[Information provided]:
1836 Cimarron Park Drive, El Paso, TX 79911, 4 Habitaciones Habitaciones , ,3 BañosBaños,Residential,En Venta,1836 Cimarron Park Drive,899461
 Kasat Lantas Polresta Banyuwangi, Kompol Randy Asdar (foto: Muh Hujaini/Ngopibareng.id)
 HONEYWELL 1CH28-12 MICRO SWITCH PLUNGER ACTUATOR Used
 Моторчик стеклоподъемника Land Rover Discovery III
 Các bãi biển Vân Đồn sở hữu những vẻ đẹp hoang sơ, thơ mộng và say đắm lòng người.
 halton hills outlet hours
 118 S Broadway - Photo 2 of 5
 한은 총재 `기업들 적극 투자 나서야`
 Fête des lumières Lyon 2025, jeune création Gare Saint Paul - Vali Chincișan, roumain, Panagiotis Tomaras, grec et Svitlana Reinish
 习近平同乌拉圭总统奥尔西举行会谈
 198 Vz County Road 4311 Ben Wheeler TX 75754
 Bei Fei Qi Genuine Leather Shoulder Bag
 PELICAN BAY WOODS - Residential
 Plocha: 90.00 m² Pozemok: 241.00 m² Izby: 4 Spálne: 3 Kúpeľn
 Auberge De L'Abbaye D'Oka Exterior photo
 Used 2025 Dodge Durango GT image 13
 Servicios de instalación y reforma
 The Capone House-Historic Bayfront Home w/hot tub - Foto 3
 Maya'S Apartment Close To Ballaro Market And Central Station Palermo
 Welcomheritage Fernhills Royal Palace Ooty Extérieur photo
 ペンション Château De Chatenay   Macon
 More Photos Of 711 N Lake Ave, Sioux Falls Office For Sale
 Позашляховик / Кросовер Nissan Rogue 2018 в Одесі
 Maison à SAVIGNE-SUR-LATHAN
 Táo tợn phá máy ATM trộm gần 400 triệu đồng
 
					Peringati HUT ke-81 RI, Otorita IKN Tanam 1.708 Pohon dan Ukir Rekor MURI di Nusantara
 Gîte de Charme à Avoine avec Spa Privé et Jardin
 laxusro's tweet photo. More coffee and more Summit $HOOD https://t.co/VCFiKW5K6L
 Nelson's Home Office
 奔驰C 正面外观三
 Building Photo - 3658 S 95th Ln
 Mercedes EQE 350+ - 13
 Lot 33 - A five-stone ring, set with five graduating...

[What is being asked]:
Using the material above, transcribe exactly the lines from the line with "习近平同乌拉圭总统奥尔西举行会谈" to the line with "Welcomheritage Fernhills Royal"; both count, and nothing else goes in.

[Response]:
 习近平同乌拉圭总统奥尔西举行会谈
 198 Vz County Road 4311 Ben Wheeler TX 75754
 Bei Fei Qi Genuine Leather Shoulder Bag
 PELICAN BAY WOODS - Residential
 Plocha: 90.00 m² Pozemok: 241.00 m² Izby: 4 Spálne: 3 Kúpeľn
 Auberge De L'Abbaye D'Oka Exterior photo
 Used 2025 Dodge Durango GT image 13
 Servicios de instalación y reforma
 The Capone House-Historic Bayfront Home w/hot tub - Foto 3
 Maya'S Apartment Close To Ballaro Market And Central Station Palermo
 Welcomheritage Fernhills Royal Palace Ooty Extérieur photo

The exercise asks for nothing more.